### WORK INSTRUCTION
Start at the line with "IN VENDITA, APPARTAMENTO" in the records below, stop at the line with "2023 Toyota Camry", and return every line in that span exactly, the two end lines included.

### PROVIDED RECORDS

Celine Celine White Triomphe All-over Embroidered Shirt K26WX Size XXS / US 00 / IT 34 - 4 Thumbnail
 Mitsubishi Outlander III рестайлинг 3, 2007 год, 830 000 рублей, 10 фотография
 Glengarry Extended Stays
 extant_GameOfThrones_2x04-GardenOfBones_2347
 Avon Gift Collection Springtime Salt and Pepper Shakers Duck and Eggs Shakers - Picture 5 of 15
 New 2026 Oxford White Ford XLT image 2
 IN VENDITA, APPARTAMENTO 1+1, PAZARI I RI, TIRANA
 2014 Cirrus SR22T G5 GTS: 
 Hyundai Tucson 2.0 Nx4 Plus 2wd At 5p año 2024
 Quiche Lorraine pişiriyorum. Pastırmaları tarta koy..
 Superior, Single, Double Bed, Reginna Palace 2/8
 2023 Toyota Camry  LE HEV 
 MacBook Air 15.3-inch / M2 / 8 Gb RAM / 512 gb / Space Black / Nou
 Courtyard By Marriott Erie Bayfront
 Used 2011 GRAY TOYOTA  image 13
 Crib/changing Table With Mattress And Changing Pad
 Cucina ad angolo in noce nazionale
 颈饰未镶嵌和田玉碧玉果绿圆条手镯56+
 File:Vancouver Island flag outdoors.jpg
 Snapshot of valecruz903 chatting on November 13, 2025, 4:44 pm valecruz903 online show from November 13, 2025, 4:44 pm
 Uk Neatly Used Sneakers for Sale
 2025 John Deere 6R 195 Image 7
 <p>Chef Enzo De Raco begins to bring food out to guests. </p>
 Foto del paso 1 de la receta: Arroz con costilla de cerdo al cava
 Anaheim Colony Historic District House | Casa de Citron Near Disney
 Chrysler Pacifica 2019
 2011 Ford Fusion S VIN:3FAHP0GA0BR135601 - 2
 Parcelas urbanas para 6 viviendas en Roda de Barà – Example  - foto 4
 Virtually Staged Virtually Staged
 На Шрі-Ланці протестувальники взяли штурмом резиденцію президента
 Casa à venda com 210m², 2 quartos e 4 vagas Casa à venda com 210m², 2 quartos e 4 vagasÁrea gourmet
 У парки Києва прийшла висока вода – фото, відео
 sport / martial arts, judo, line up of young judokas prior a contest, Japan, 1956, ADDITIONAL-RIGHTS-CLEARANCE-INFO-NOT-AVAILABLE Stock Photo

### REPLY TO THE TASK
 IN VENDITA, APPARTAMENTO 1+1, PAZARI I RI, TIRANA
 2014 Cirrus SR22T G5 GTS: 
 Hyundai Tucson 2.0 Nx4 Plus 2wd At 5p año 2024
 Quiche Lorraine pişiriyorum. Pastırmaları tarta koy..
 Superior, Single, Double Bed, Reginna Palace 2/8
 2023 Toyota Camry  LE HEV 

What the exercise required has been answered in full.